Chapter 22

I learned a new word today, on this the sixteenth day of May in an upper Midwestern city with several lakes. Fingerspitzengefühl. It means “finger tips feeling”; the intuitive sense of a situation. I’m in a hammock, sitting near the mouth of a river. Two pontoon boats just passed me and my fingerspitzengefühl is a light scent of boat gas, the easy rocking of the hammock that I’ve hung off-center to get a sort of half-chair setup. The park is full of people and there is a duck working his way up river. And then he loses some ground when he sticks his butt up and puts his head down. There’s a family of three canoeing past. There’s a toddler pointing at me. There’s a power boat behind me on the lake. The finger tips feeling is flowing through my finger tips into the keyboard. The duck is moving out of sight.

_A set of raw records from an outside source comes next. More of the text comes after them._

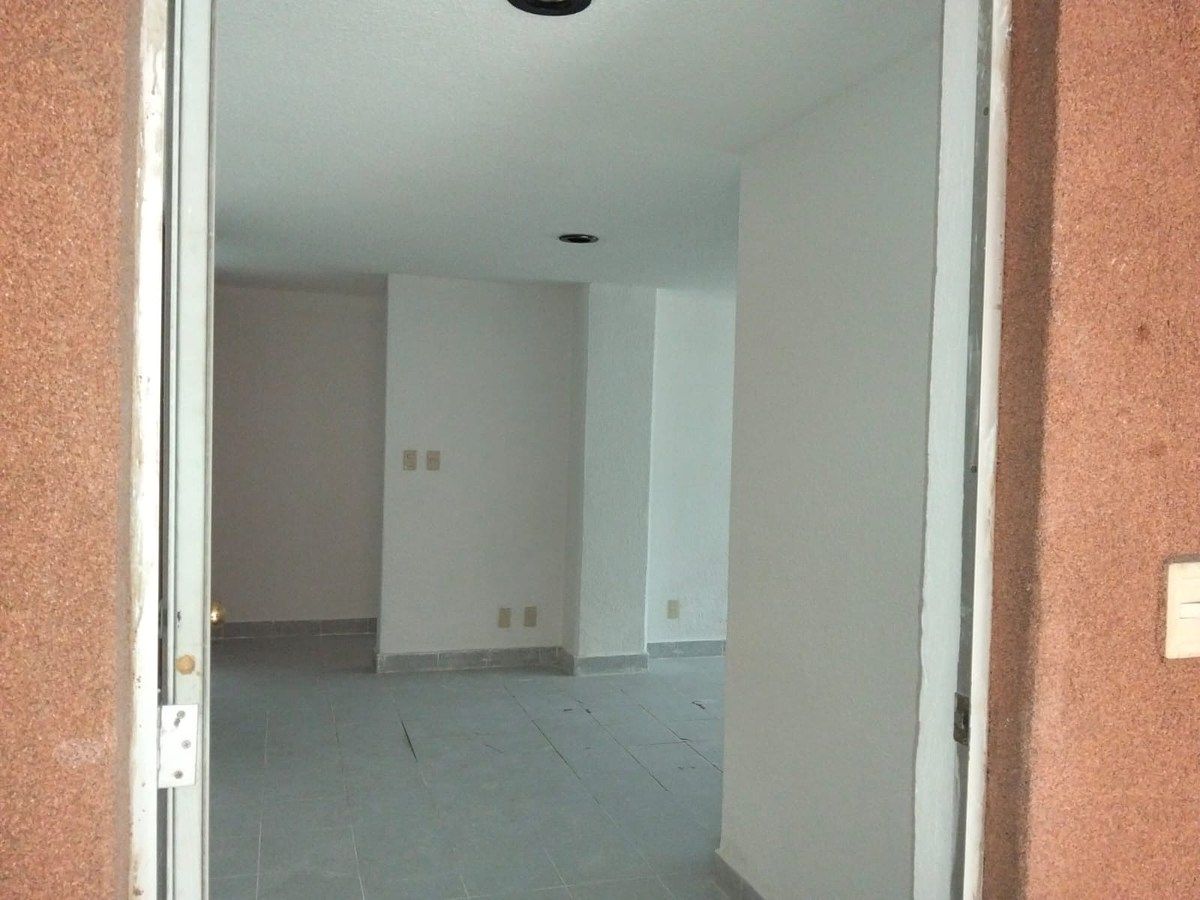 VENTA DE LOCAL COMERCIAL Calle Irolo, Zacahuitzco, Alcaldia Benito Juárez, foto 1 de 8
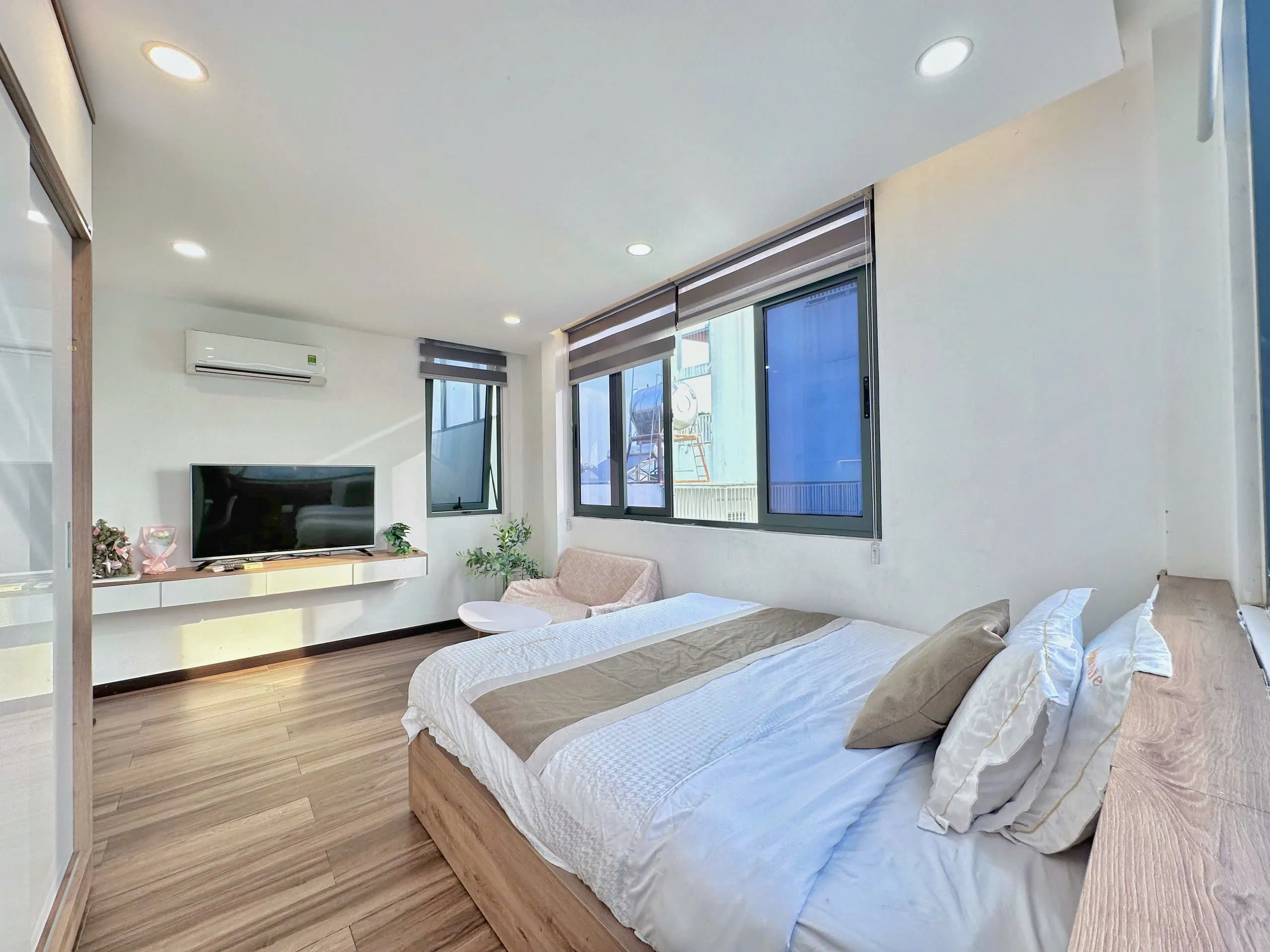Studio Serviced Apartment For Rent in Truong Sa St Phu Nhuan HCMC 20sqm 470 USD/month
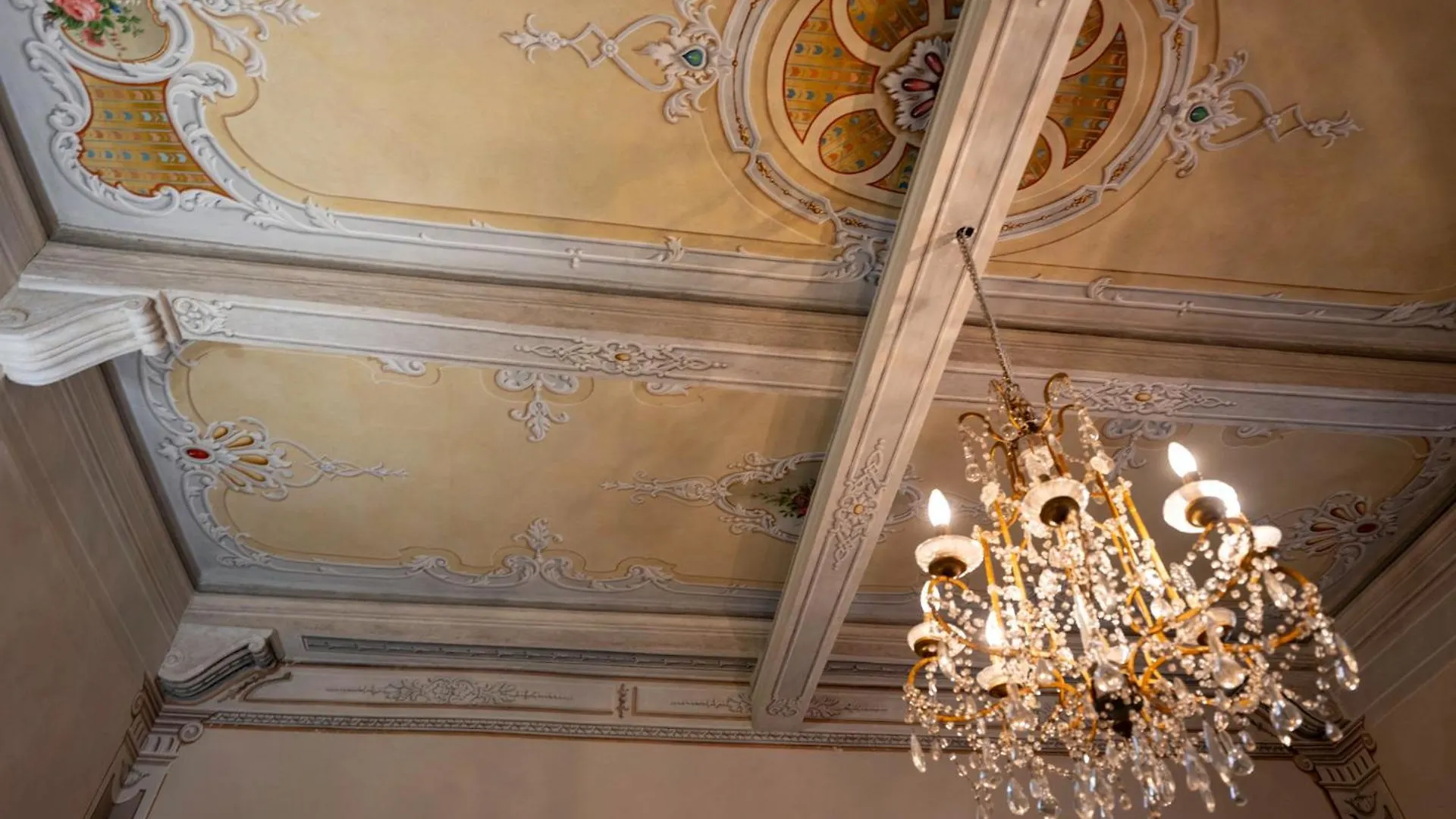 Tuscan Palace - Avignonesi Apartment Montepulciano Stazione 0*,  Itália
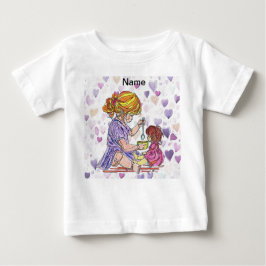 幼児用Tシャート　小さな女の子と赤ちゃん人形 ベビーTシャツ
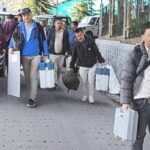 आज दार्जीलिङ–पुलबजारका दुर्गम बूथतर्फ मतदान कर्मचारी प्रस्थान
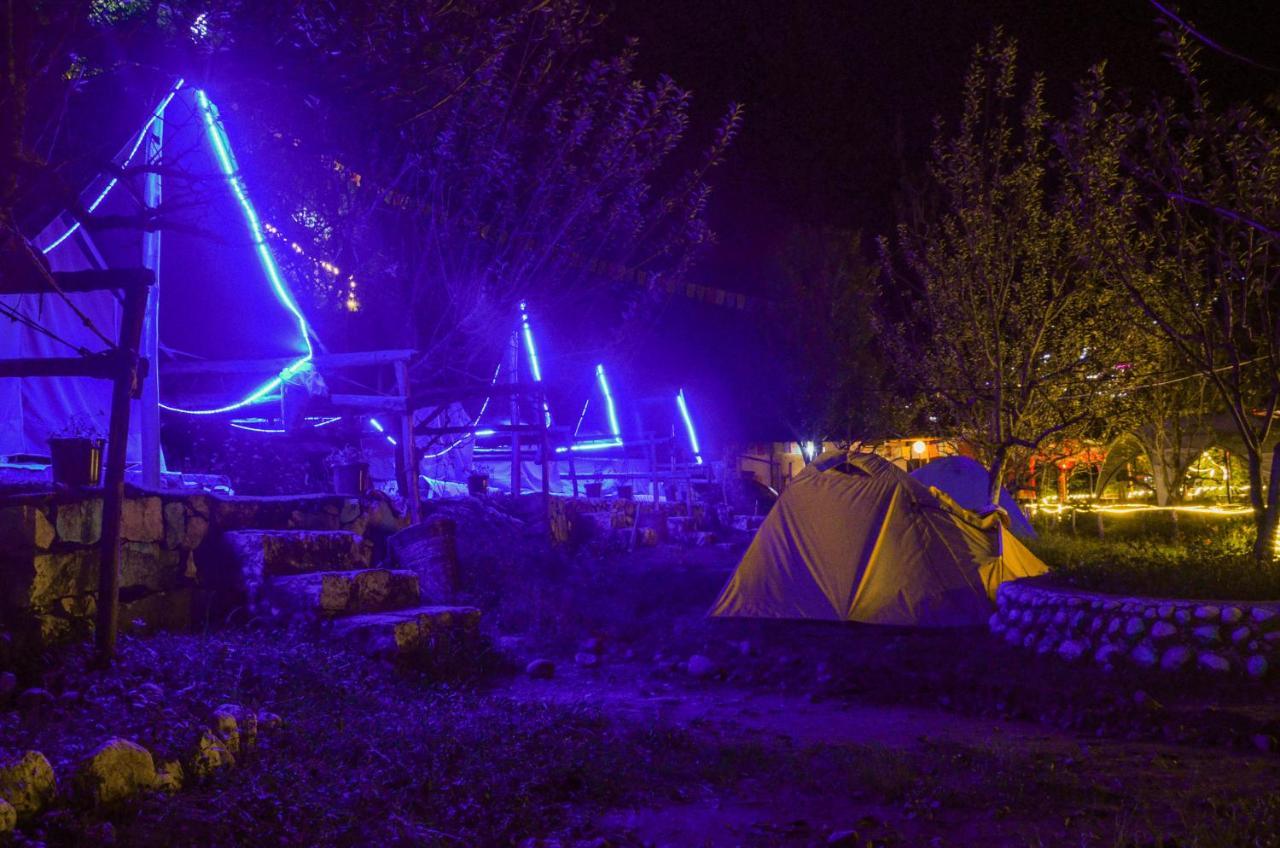 Himtrek Riverside Camps & Hostel Manali Экстерьер фото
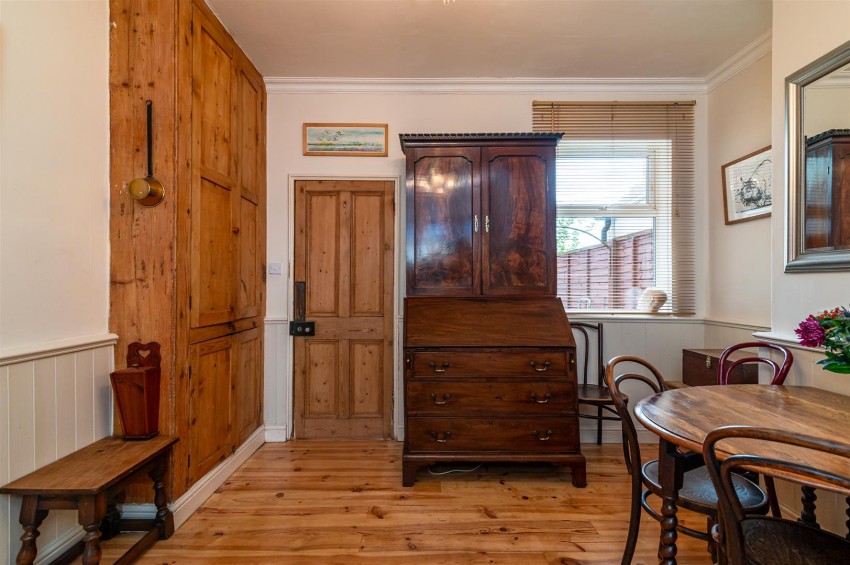 Images for Top Row, Stoke Bardolph, NG14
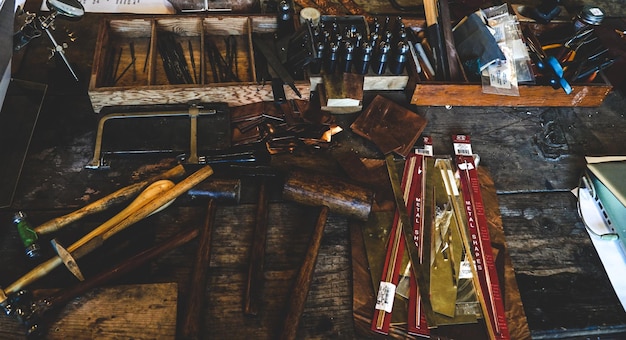 Foto hochwinkelansicht von handwerkzeugen in der werkstatt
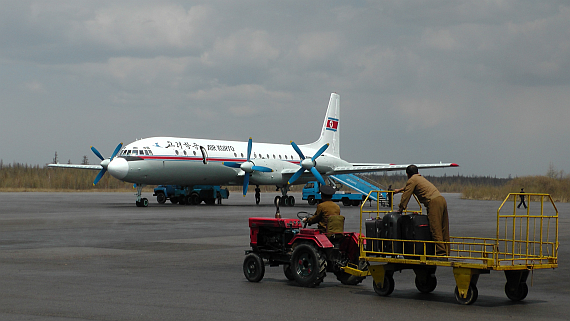 Die Il-18 mit Bodenfahrzeugen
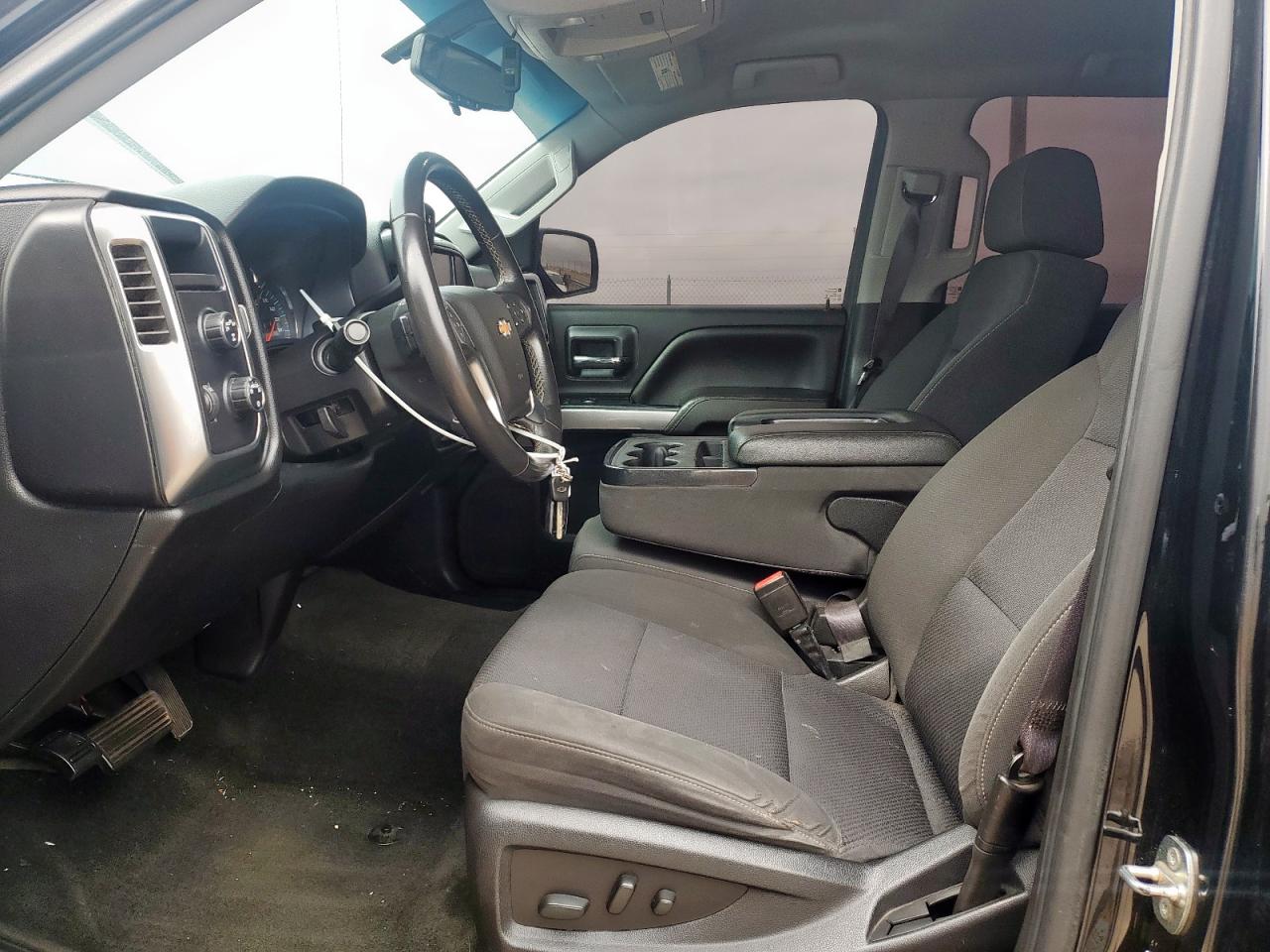 2017 Chevrolet Silverado K1500 Lt VIN: 3GCUKREC9HG465595 Lot: 82298465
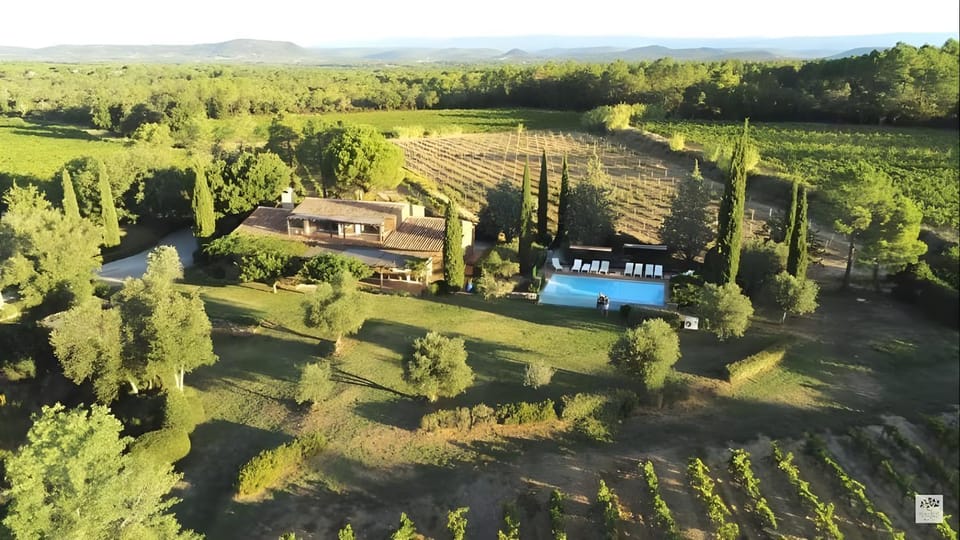 Property building, Bird's eye view, Swimming pool, Swimming pool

I’ve been thinking about why I’ve been challenged to enjoy myself at work for years. I think it’s because I’m not in any way engaging my fingerspitzengefühl in a way that leads to situational development. My finger tips have felt stasis and analyzed why things have been stopped. I’ve gotten to know problems intimately, with very little agency over solutions-development, problem-elimination, or actually doing things. It’s a part of the reason why I have such a low opinion of organizations; my job has been to evaluate the situation and make decision recommendations to people who were not particularly interested in making decisions. I expect the decision-makers I worked for might remember it differently: I am impatient beyond a shadow of a sunny day in the desert. And yet my impatience was justified. Tremendous resources have been available for empathy, listening, and efficacy and most of the time and energy has gone into creating imaginary vanities, with the brightest possible lights and the cleanest possible mirrors. I think that has something to do with power, something to do with maleness, and something to do with “administration” as a supposedly useful thing. I like people and tend to respect peoples’ perspectives, therefore I am loathe to “administer” them (horror quotes).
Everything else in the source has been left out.